Muss sich denn ein Künstler, der sonst Grüffelos oder Prinzessinnen oder Bären zeichnet, zwangsläufig auch politisch positionieren?

Nein, überhaupt nicht. Darum drehte sich auch bei uns im Verlag die Diskussion: Muss ein Verlag, der Bärchen und Eichhörnchen veröffentlicht, sich politisch äußern? Für mich ganz klar: Ja! Für einige andere: Nicht unbedingt zwingend. Für mich deshalb ja, weil ich das Veröffentlichen von Kinderbüchern als durchaus politische Angelegenheit sehe. Wir erziehen, wir geben bestimmte Werte vor, wir versuchen Werte zu vermitteln, wir versuchen Kindern den Weg ins Leben zu zeigen - und den Weg ins Leben zu erleichtern. Das ist für mich politisch.

Deutschland Buchcover Zeichner verteidigen die Meinungsfreiheit Ausschnitt
Zeichnung von Ulf K.Bild: Aladin Verlag Hamburg

Für die Zeichner hat sich genau die Frage auch gestellt. Und viele waren dann, als sie die Zeichnung ablieferten, geradezu erleichtert, dass irgend jemand sie gebeten hat, mal nicht niedliche, sondern sehr ernste Dinge zu machen. Und sie waren erstaunt, dass sie das können.

So verschieden die Künstler, so unterschiedlich sind ihre Bildideen. Eine Auseinandersetzung mit dem Islam oder mit religiösem Fanatismus findet sich aber in keinem der Bilder...

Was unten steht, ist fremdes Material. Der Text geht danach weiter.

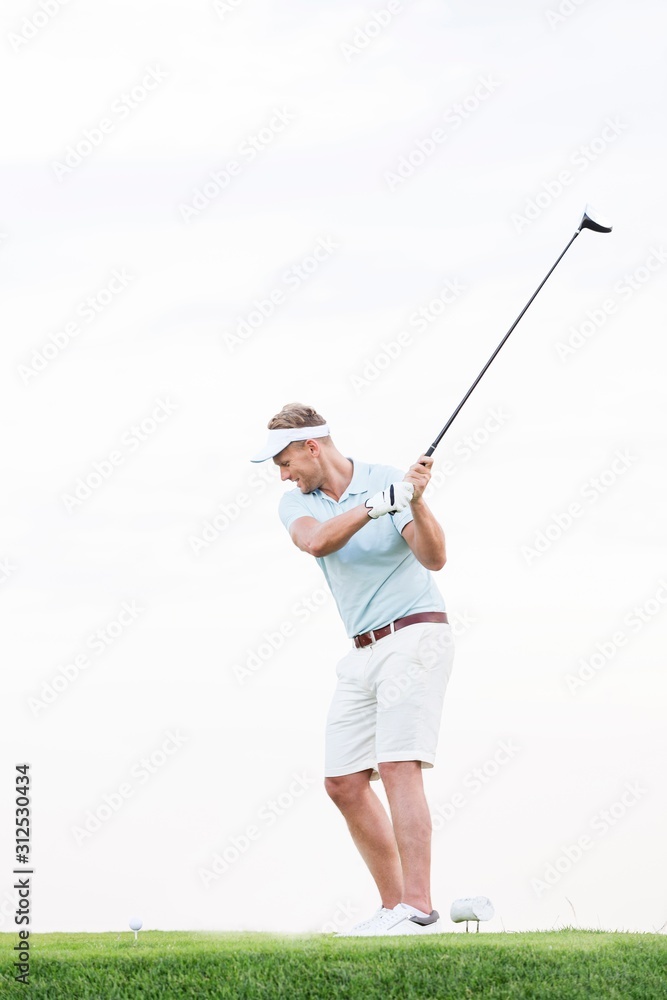 Full-length of mid-adult man swinging golf club against clear sky Full-length of mid-adult man swinging golf club against clear sky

Ja, das stimmt. Es gab auch gar keine Vorgabe. Vermutlich haben die meisten als Zeitungsleser gesehen, was in den Tagen danach erschienen ist. Und da sind sehr viele Themen schon abgehandelt worden. Das ist das eine. Das andere: Das Abarbeiten an Religionen, wie es Charlie Hebdo seit Jahrzehnten macht, ist uns hier sehr fremd. Für uns ist Religion nicht das alles bestimmende Thema, über das wir uns erregen müssen. Von daher lag mein Fokus eher auf der Meinungsfreiheit, der Macht der Zeichner.

Deutschland Buchcover Zeichner verteidigen die Meinungsfreiheit
"Zeichner verteidigen die Meinungsfreiheit", erschienen im Hamburger Aladin Verlag

Was glauben Sie, wie Ihre Adressaten reagieren werden - die Kinder?

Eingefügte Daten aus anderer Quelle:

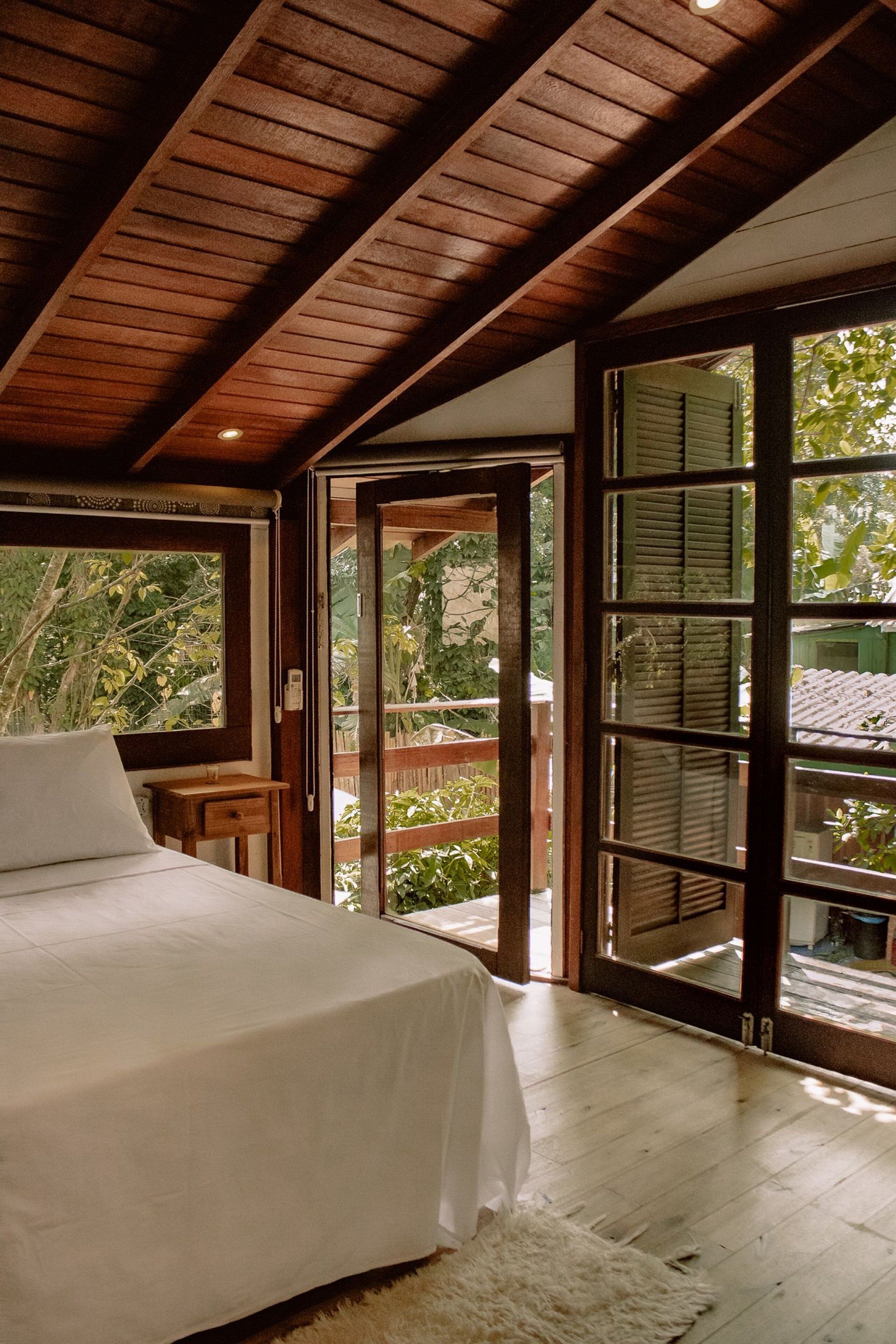 Une chambre dotée d’un grand lit, de poutres apparentes en bois au plafond, d’un plancher en bois et d’une porte-fenêtre coulissante donnant sur un espace extérieur.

Das wird spannend. Ich würde das Buch nicht einfach so einem Kind in die Hand drücken. Und wir reden über Sechs- bis Achtjährige, die ja auch schon mitkriegen, was in der Tagesschau passiert oder die die Unterhaltung von Erwachsenen mitbekommen. Ich könnte mir vorstellen, daß man über einige dieser Bilder mit Kindern sehr interessant reden kann. Das ist auch eine Schule des Sehens, insofern nicht so fremd in einem Kinderbuchprogramm. Aber es wendet sich natürlich in erster Linie an uns Erwachsene.

Rechnen Sie mit erbosten Reaktionen?

Nein, die Furcht habe ich nicht. Wir leben in einem Land, in dem man seine Meinung äußern kann. Und wenn man die Freiheit der Meinungsäußerung verbindet mit dem Respekt vor der Meinung anderer, dann ist das nicht nur möglich, sondern auch unbedingt nötig.

Klaus Humann, Jahrgang 1950, ist Verleger. In Hamburg führt er derzeit den Aladin-Verlag, den er 2012 gründete.